┌─ Data section

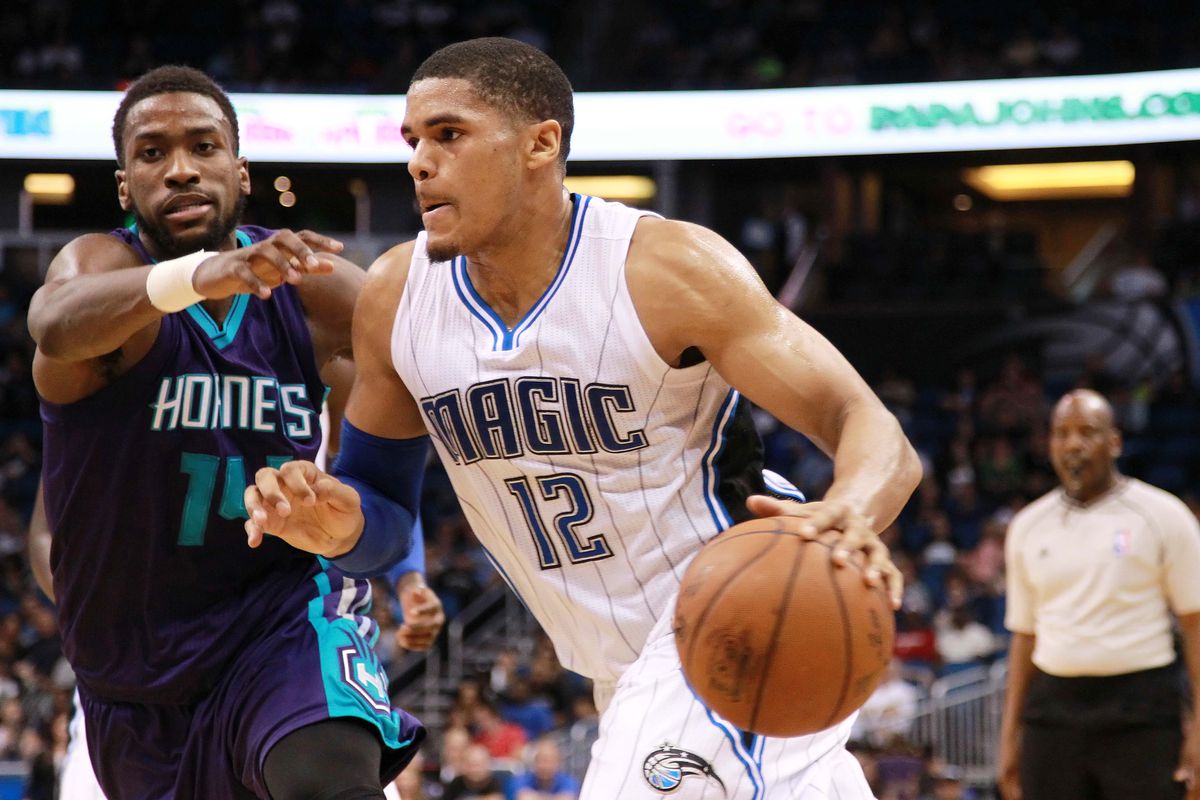 Michael Kidd-Gilchrist and Tobias Harris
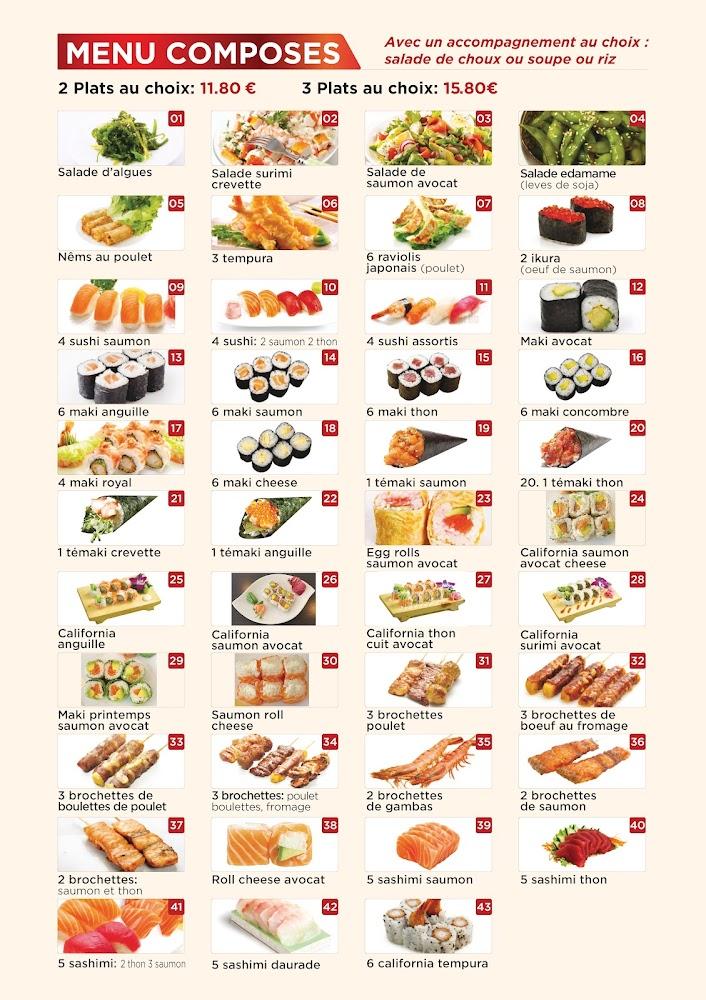 Sushi Thi Daily 58 rue Molière 69006 Lyon - Menu Image 3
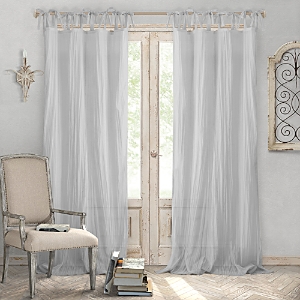 Elrene Home Fashions Jolie Semi-Sheer Pleated Curtain Panel, 52 x 84- 3125792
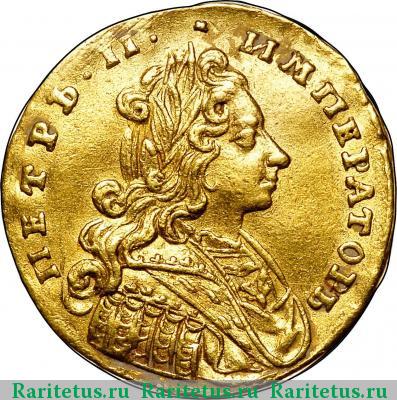 1 червонец 1729 года  без банта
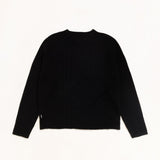 Merino Roll Neck Sweater Black - LIKELIHOOD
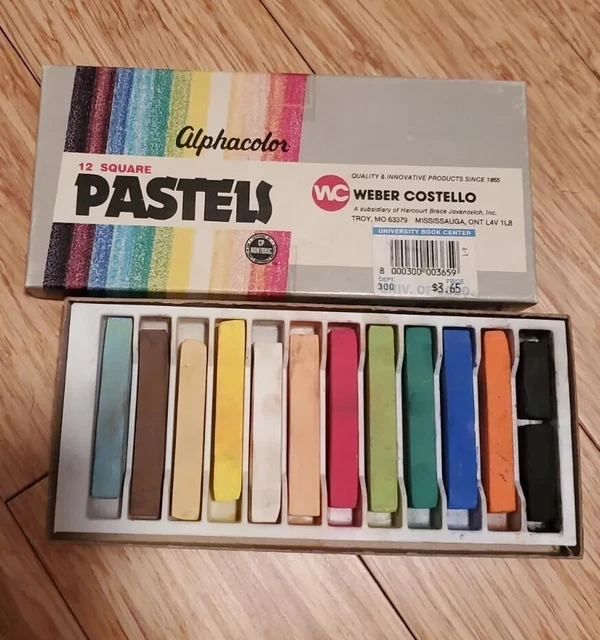 Pasteles Alphacolor Vintage 12 unidades tiza de Weber Costello ligeramente usados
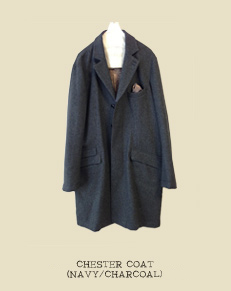 CHESTER COAT (NAVY/CHARCOAL)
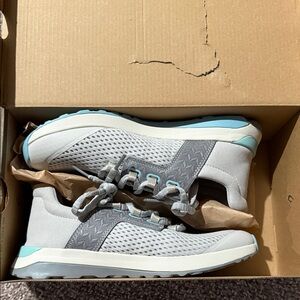OluKai Gray and Blue Athletic Shoes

└─

Work order:
Set down only the lines running from the line with "Pasteles Alphacolor Vintage" to the end of the entries, inclusive; omit every picture.

Solution below:
 Pasteles Alphacolor Vintage 12 unidades tiza de Weber Costello ligeramente usados
 CHESTER COAT (NAVY/CHARCOAL)
OluKai Gray and Blue Athletic Shoes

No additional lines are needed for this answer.